What you will do: Skip any pictures. Repeat the data exactly, from its first line through the line that holds "man wearing a suit smiling", both included.

Records provided:
BEGIN

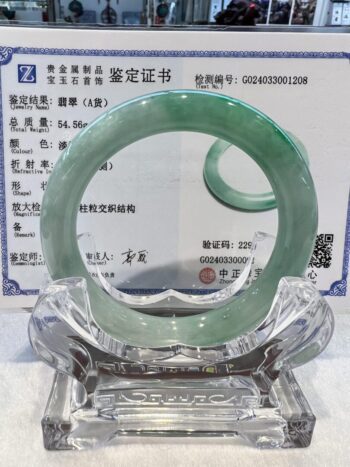 A green jade bangle is sitting on top of a glass plate.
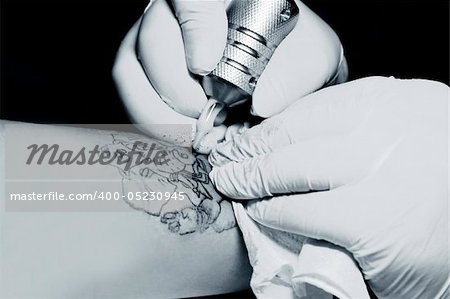 A tattoo artist applying his craft onto the hand of a female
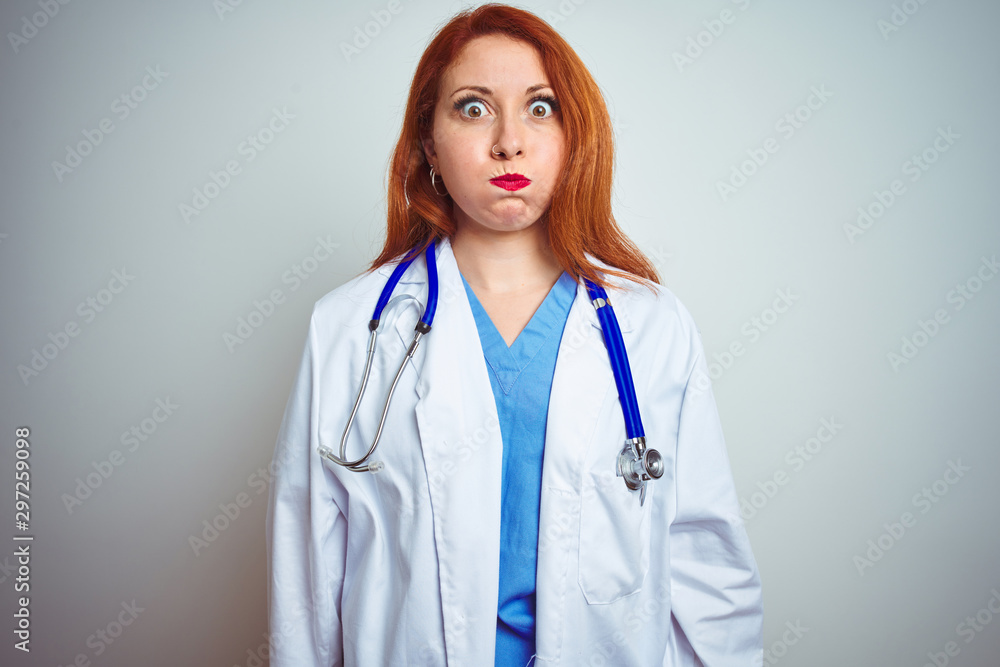 Sticker Young redhead doctor woman using stethoscope over white isolated background puffing cheeks with funny face. Mouth inflated with air, crazy expression.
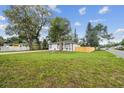 Expansive front yard with lush green grass and a charming fence at 1801 E Navajo Ave, Tampa, FL 33612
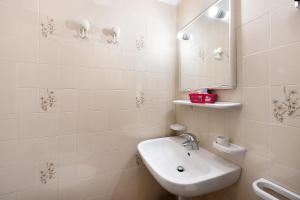 a white bathroom with a sink and a mirror at Monolocale 9 in Borgio Verezzi +13 photos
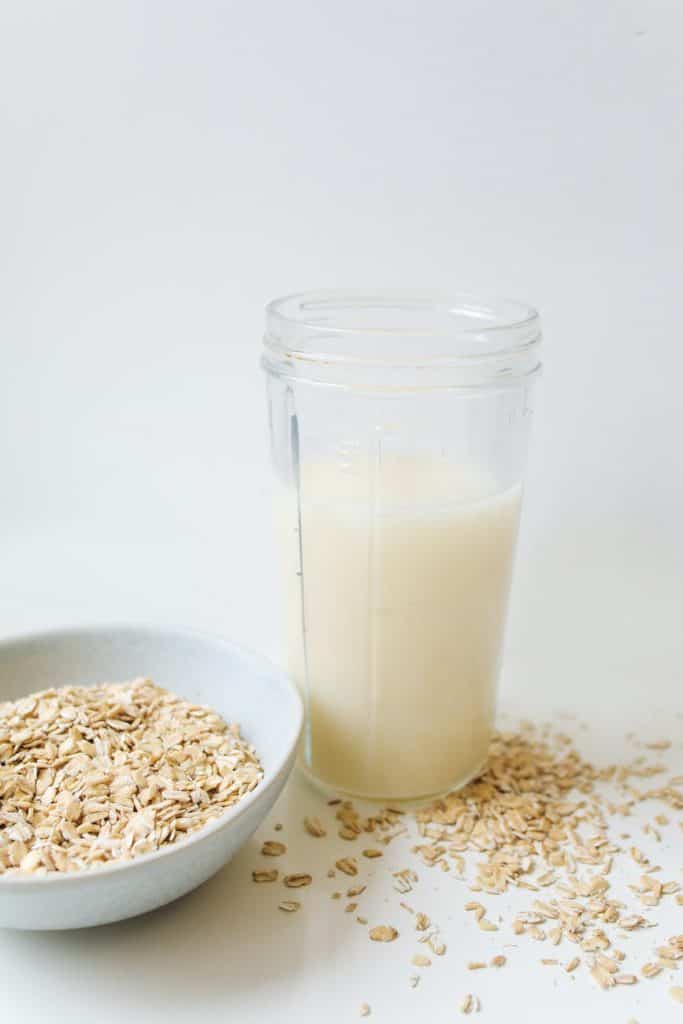 oat milk in clear glass jar plus oatmeal in a bowl and spread on table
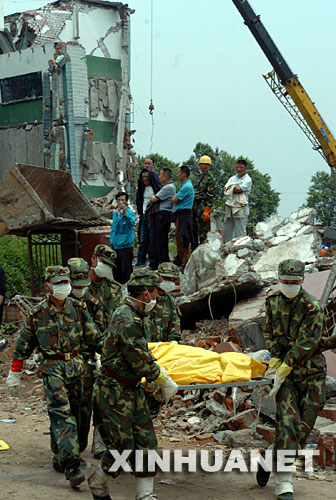 5月15日，解放军战士从绵竹市汉旺镇东汽中学抢挖出被掩埋的学生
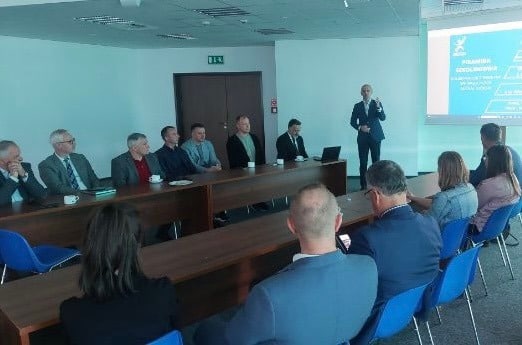 Na zdjęciu przedstawiono grupę osób uczestniczących w spotkaniu w sali konferencyjnej, z mężczyzną wygłaszającym wykład na tle prezentacji.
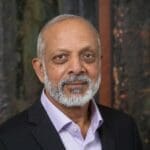 man wearing a suit smiling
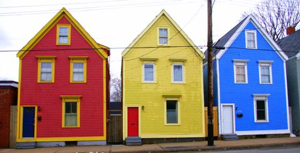 A photograph of three identically built houses that are painted different primary colors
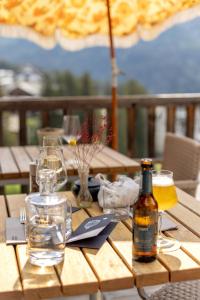 阿罗萨Pension Arosa - Self Check-In的一张木桌,配有一瓶啤酒和玻璃杯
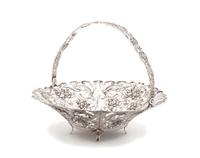 A German Silver Reticulated Basket with Swing Handle Diameter 9 1/2 inches. — 20TH CENTURY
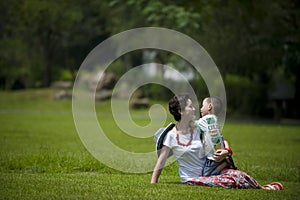 Mother and son in grass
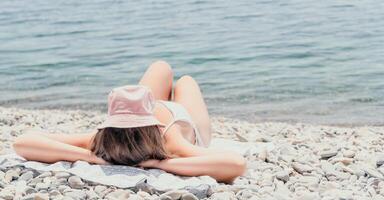 méconnaissable positif femme dans blanc bikini bain de soleil ou bronzage sur bord de mer plage pendant été. content touristique profiter Soleil bronzer mensonge sur plage chaise salon à luxe recours photo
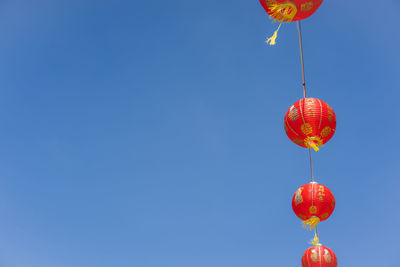 Low angle view of lanterns hanging against clear blue sky
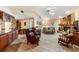 Living room area next to kitchen with brick fireplace and open floor plan at 4701 Pine Harrier Dr, Sarasota, FL 34231
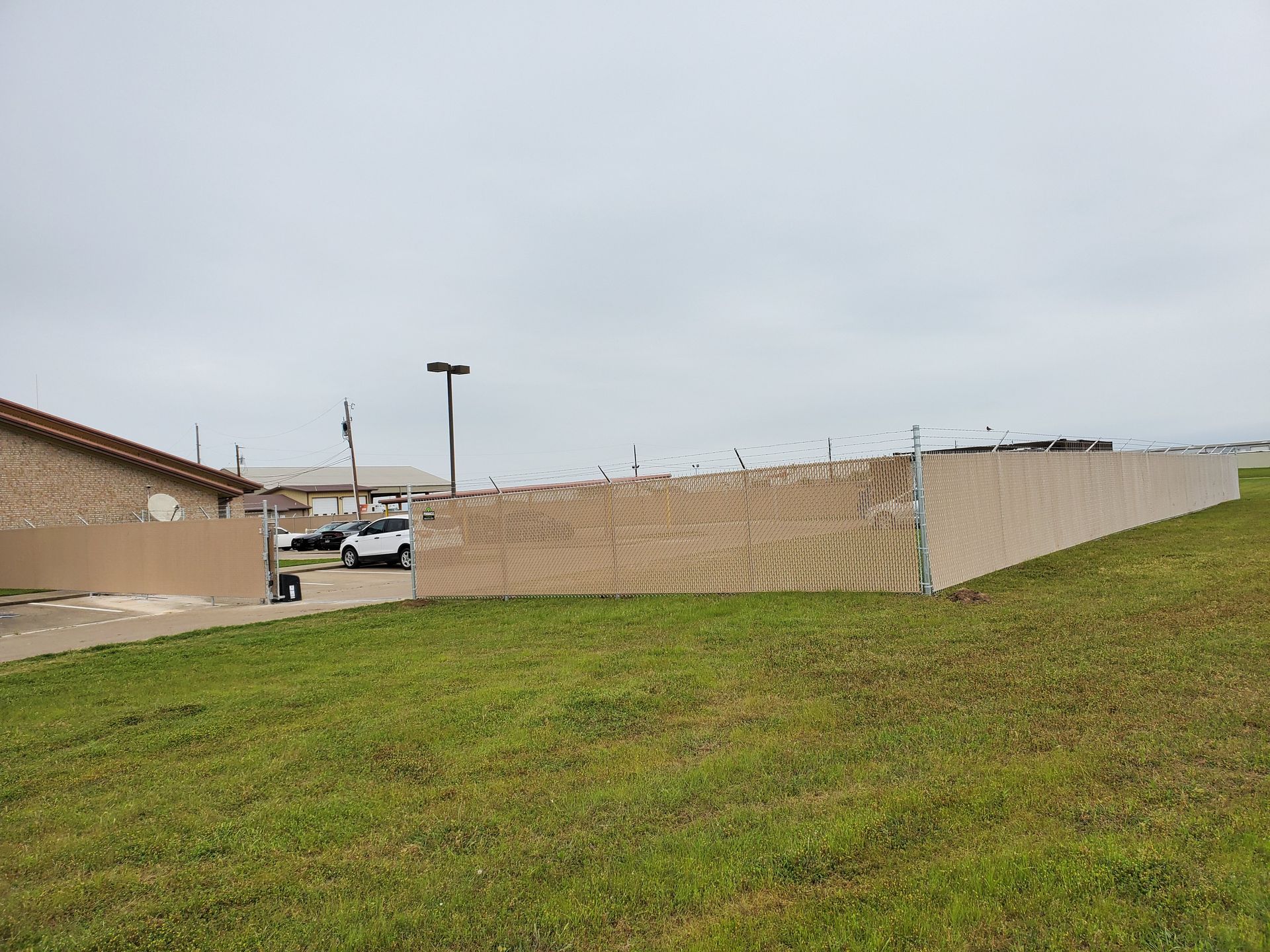 A large fence is sitting in the middle of a grassy field.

END

Response area:
 A green jade bangle is sitting on top of a glass plate.
 A tattoo artist applying his craft onto the hand of a female
 Sticker Young redhead doctor woman using stethoscope over white isolated background puffing cheeks with funny face. Mouth inflated with air, crazy expression.
 Expansive front yard with lush green grass and a charming fence at 1801 E Navajo Ave, Tampa, FL 33612
 a white bathroom with a sink and a mirror at Monolocale 9 in Borgio Verezzi +13 photos
 oat milk in clear glass jar plus oatmeal in a bowl and spread on table
 5月15日，解放军战士从绵竹市汉旺镇东汽中学抢挖出被掩埋的学生
 Na zdjęciu przedstawiono grupę osób uczestniczących w spotkaniu w sali konferencyjnej, z mężczyzną wygłaszającym wykład na tle prezentacji.
 man wearing a suit smiling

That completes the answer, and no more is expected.